KALTENG.CO – Isu legalitas perusahaan perkebunan di Indonesia, terutama yang telah beroperasi sebelum tahun 2016, terus menjadi sorotan. Banyak pihak sepakat bahwa penyelesaian masalah ini harus dilakukan secara sistematis dan proporsional.
Perusahaan yang belum mengantongi Hak Guna Usaha (HGU) tidak serta-merta dianggap melakukan pelanggaran. Sebaliknya, langkah afirmatif dari Pemerintah sangat krusial untuk membenahi sistem perizinan secara menyeluruh dan menghadirkan kepastian hukum bagi iklim investasi.

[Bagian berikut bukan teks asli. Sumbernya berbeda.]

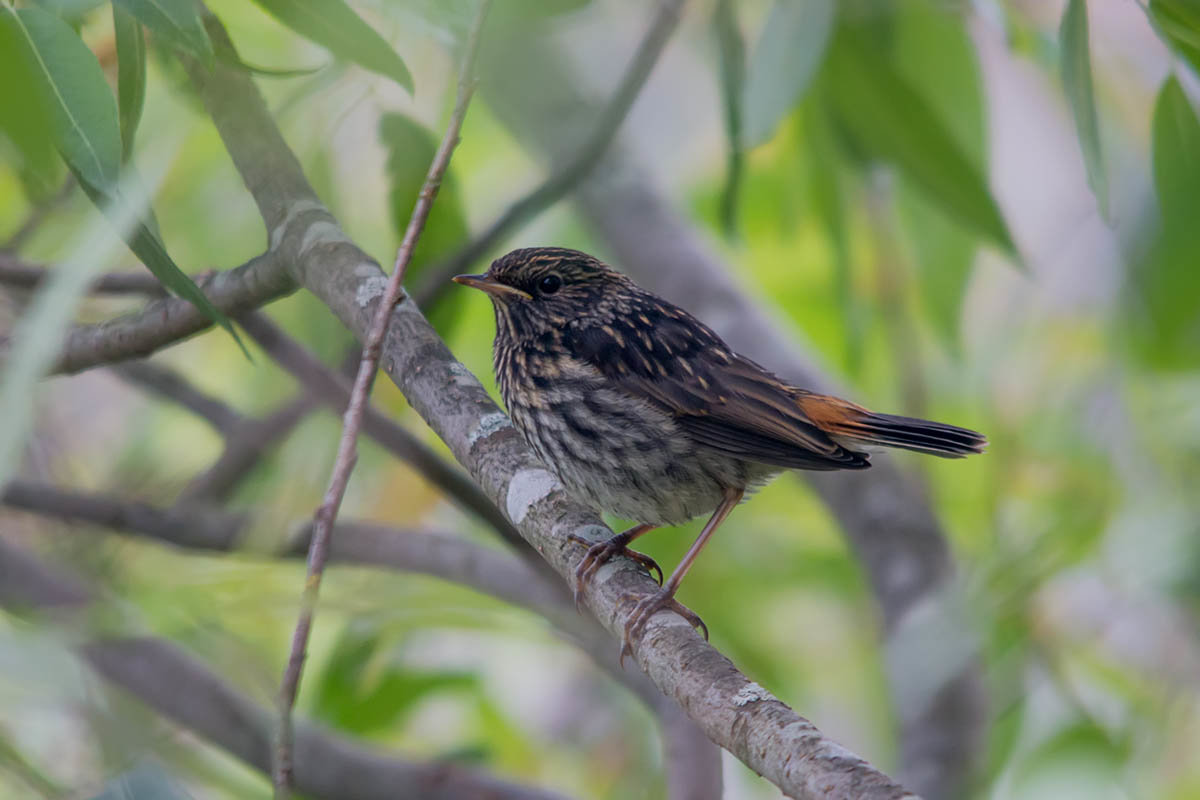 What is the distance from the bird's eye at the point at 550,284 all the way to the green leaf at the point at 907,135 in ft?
3.63

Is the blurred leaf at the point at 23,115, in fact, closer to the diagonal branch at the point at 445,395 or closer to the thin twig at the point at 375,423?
the diagonal branch at the point at 445,395

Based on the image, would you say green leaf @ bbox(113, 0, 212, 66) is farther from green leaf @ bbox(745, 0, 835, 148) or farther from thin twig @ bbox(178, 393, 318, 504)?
thin twig @ bbox(178, 393, 318, 504)

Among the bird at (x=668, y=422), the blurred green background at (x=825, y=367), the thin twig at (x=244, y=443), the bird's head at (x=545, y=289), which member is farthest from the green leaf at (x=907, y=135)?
the thin twig at (x=244, y=443)

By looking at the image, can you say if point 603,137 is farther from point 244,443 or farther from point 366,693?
point 366,693

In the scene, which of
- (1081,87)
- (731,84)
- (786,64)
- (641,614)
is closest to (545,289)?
(731,84)

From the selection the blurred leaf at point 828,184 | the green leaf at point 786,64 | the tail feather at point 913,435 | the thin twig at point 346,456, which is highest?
the blurred leaf at point 828,184

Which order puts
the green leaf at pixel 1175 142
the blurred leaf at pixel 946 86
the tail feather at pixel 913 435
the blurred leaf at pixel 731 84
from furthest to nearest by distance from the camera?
the blurred leaf at pixel 946 86
the blurred leaf at pixel 731 84
the tail feather at pixel 913 435
the green leaf at pixel 1175 142

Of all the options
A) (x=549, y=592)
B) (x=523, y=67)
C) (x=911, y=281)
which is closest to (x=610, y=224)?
(x=523, y=67)

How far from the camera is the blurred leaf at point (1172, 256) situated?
2797mm

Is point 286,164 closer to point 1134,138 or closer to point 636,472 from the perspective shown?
point 636,472

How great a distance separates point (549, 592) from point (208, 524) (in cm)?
122

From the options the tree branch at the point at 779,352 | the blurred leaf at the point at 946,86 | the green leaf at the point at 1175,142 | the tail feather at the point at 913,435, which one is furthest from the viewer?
the tree branch at the point at 779,352

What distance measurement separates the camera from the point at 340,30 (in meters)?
2.46

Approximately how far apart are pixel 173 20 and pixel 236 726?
262 cm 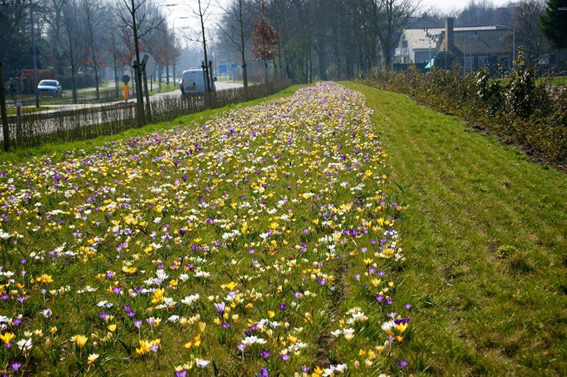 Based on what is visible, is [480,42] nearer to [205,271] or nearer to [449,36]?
[449,36]

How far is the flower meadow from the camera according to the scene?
298cm

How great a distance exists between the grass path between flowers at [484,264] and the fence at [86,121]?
10.3 metres

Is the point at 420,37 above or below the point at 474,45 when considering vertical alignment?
above

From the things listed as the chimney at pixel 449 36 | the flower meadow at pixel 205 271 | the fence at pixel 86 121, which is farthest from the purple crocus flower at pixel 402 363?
the chimney at pixel 449 36

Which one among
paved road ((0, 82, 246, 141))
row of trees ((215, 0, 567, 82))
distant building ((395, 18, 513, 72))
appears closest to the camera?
paved road ((0, 82, 246, 141))

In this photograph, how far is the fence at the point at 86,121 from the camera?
A: 43.1 feet

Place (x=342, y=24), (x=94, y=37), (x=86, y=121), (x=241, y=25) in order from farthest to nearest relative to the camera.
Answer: (x=94, y=37) → (x=342, y=24) → (x=241, y=25) → (x=86, y=121)

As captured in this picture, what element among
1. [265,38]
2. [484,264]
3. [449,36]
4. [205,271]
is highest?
[449,36]

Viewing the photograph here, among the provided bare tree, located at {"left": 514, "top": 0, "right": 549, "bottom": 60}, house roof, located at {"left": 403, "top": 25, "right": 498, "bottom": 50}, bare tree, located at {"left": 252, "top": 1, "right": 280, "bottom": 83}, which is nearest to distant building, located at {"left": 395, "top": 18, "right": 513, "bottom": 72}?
bare tree, located at {"left": 514, "top": 0, "right": 549, "bottom": 60}

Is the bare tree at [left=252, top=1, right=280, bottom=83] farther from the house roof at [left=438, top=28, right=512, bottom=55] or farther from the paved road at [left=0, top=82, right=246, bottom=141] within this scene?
the house roof at [left=438, top=28, right=512, bottom=55]

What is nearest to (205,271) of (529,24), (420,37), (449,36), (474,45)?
(529,24)

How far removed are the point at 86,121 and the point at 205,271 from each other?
12.5m

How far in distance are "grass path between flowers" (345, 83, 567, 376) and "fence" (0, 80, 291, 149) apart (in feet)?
33.7

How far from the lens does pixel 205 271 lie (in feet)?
13.9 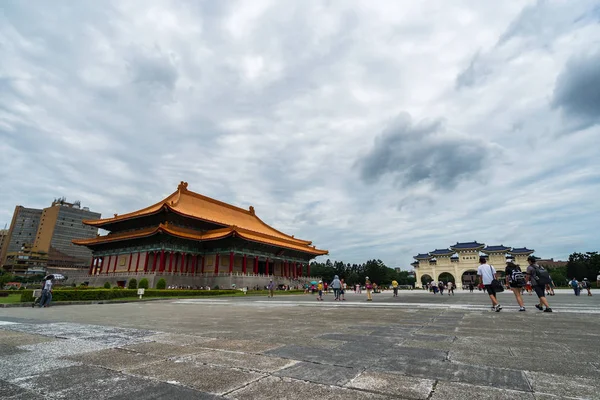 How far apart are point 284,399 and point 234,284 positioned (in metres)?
35.6

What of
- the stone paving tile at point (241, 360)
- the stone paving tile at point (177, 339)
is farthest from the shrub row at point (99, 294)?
the stone paving tile at point (241, 360)

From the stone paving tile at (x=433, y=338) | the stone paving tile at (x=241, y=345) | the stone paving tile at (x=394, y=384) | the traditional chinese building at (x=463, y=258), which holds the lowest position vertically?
the stone paving tile at (x=394, y=384)

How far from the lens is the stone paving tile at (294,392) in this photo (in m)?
2.31

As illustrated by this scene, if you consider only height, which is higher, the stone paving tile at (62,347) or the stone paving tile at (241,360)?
the stone paving tile at (62,347)

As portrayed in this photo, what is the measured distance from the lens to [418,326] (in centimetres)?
602

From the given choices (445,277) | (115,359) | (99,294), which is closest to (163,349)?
(115,359)

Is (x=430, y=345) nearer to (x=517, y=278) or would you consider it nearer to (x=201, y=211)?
(x=517, y=278)

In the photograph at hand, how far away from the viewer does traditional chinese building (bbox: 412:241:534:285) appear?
60.5m

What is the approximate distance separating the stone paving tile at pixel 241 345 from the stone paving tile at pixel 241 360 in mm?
238

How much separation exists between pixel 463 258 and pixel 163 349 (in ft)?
221

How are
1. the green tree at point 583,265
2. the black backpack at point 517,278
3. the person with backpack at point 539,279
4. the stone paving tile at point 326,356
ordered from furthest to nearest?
the green tree at point 583,265 → the black backpack at point 517,278 → the person with backpack at point 539,279 → the stone paving tile at point 326,356

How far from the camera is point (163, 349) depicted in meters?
4.09

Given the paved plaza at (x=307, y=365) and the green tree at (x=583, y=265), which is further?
the green tree at (x=583, y=265)

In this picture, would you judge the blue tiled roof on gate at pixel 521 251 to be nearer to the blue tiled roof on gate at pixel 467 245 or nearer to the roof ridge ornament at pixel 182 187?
the blue tiled roof on gate at pixel 467 245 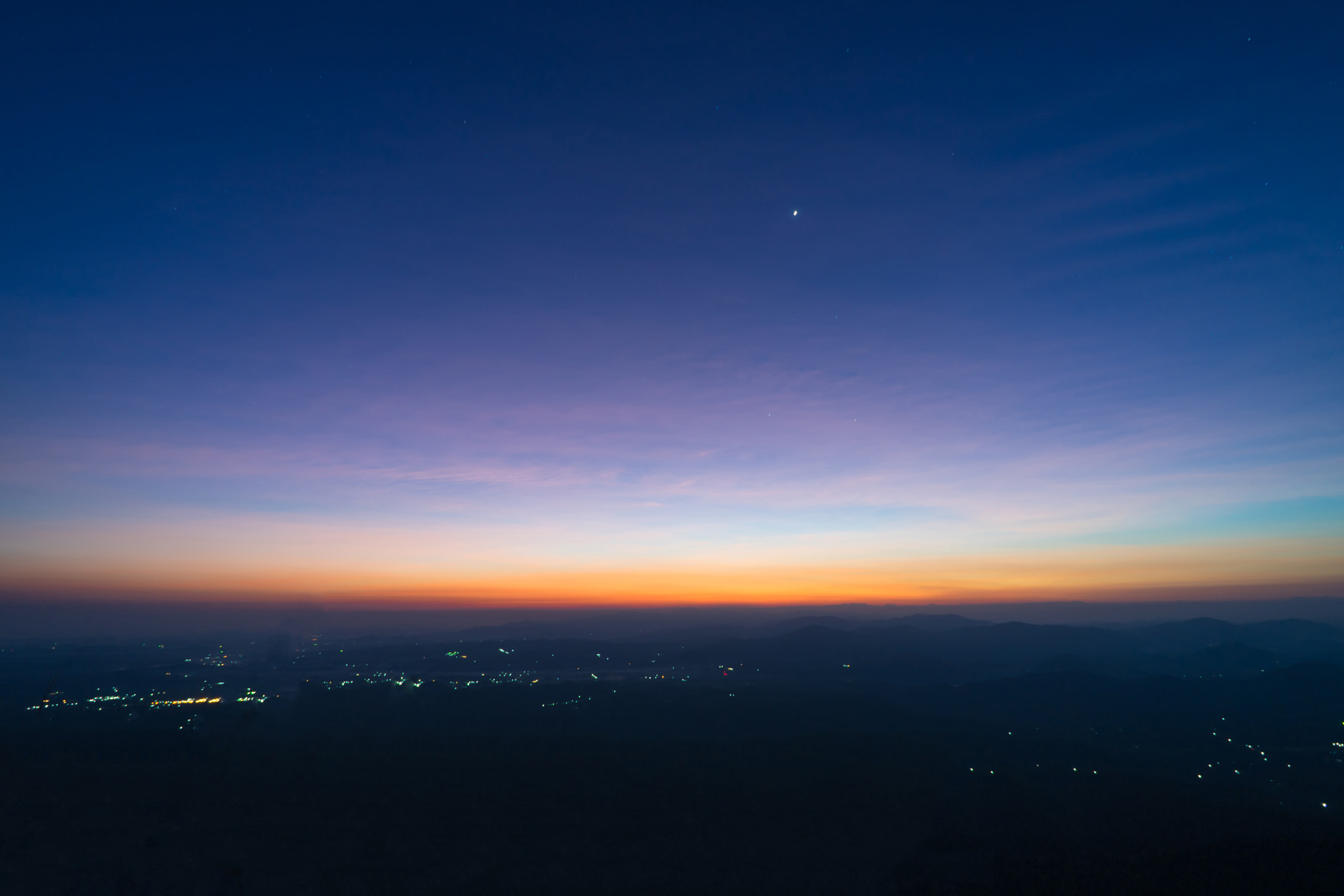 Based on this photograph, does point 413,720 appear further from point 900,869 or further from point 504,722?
point 900,869

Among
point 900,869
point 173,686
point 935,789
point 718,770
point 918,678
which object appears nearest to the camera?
point 900,869

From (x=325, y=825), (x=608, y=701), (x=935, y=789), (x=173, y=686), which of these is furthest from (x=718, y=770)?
(x=173, y=686)

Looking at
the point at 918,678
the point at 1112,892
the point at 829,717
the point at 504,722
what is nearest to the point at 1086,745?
the point at 829,717

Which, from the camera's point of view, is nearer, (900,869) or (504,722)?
(900,869)

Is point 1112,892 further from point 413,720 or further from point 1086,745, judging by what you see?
point 413,720

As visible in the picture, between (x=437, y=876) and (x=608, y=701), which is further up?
(x=437, y=876)

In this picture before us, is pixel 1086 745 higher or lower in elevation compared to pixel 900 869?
lower

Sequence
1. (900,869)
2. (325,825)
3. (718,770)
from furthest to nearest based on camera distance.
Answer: (718,770) → (325,825) → (900,869)

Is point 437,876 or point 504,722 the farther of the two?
point 504,722

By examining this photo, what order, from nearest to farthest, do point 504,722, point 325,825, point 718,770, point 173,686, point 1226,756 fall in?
1. point 325,825
2. point 718,770
3. point 1226,756
4. point 504,722
5. point 173,686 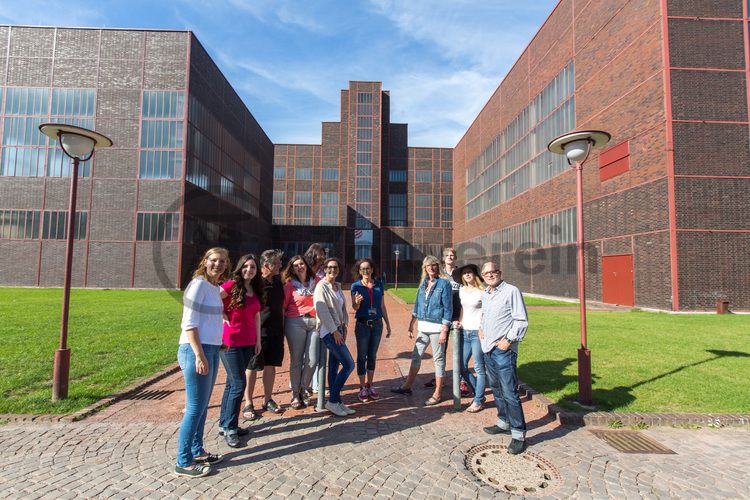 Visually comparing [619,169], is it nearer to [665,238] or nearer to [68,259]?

Perusahaan Perkebunan Pra-2016: Mengapa Tak Selalu Melanggar Hukum?
Budi Mulyanto, Kepala Studi Sawit Institut Pertanian Bogor (IPB), menegaskan bahwa perusahaan perkebunan yang sudah berdiri sebelum 2016 dan mengantongi izin usaha, tidak otomatis dianggap melanggar hukum, meski belum memiliki HGU. Penegasan ini sejalan dengan pernyataan Menteri ATR/BPN Nusron Wahid, yang merujuk pada Pasal 42 Undang-Undang Nomor 39 Tahun 2014 tentang Perkebunan.
Budi menjelaskan bahwa sebelum 2016, sistem perizinan di sektor perkebunan masih bersifat sektoral dan belum terintegrasi. Izin lokasi, Izin Usaha Perkebunan (IUP), dan HGU berada di bawah kewenangan institusi yang berbeda, dan prosesnya seringkali tidak berjalan berurutan di lapangan.
“Kondisi di lapangan tidak selalu ideal. Banyak perusahaan yang sudah melakukan pembukaan lahan dan menanam karena sudah mengantongi IUP dan izin lokasi, tetapi belum memiliki HGU karena kendala administratif atau teknis,” jelas Budi dalam keterangannya kepada wartawan pada Selasa (15/7/2025).
Oleh karena itu, ketidaktertiban administratif semacam ini seharusnya tidak menjadi masalah hukum yang mengancam pelaku usaha yang beroperasi sebelum tahun 2016. Yang lebih dibutuhkan adalah langkah afirmatif dari pemerintah untuk merapikan sistem perizinan, memperkuat koordinasi antarinstansi, dan memberikan ruang penyelesaian legalitas secara sistematis.
Menteri ATR/BPN Nusron Wahid juga pernah menegaskan hal serupa: “Kalau ada kebun sawit belum di-HGU pemerintah akan bersikap proporsional. Kalau kebun sawit itu berdiri sebelum tahun 2016 atau sebelum 2017, bisa jadi tidak salah perusahaannya.”
Memahami Kepastian Hukum: Perbedaan Izin dan Hak
Budi Mulyanto mengingatkan bahwa jika proses permohonan HGU tidak tuntas, hal itu bisa memicu “kegaduhan bisnis” yang berdampak negatif pada iklim investasi. Kepastian hukum adalah fondasi vital bagi investasi dan dunia usaha. “Kalau status tanahnya tidak jelas, maka wajib pajak, hak usaha, bahkan kepastian hukum yang terkait dengan berbagai usaha itu juga tidak jelas,” ujar Guru Besar IPB tersebut.
Menurut Budi, kebijakan afirmatif terkait legalitas lahan usaha perkebunan harus dilakukan secara sistematis dan mengikuti seluruh prosedur perizinan yang berlaku lintas sektor. Ini adalah kunci untuk mewujudkan kepastian hukum, perlindungan usaha, dan kredibilitas investasi di sektor agraria dan perkebunan nasional.
Ia juga menekankan perbedaan fundamental antara izin dan hak. Izin, seperti IUP atau Amdal, adalah bagian dari rezim perizinan sektor. Sementara itu, HGU adalah bentuk hak atas tanah yang diberikan negara kepada pelaku usaha untuk mengelola dan memanfaatkan lahan dalam jangka waktu tertentu.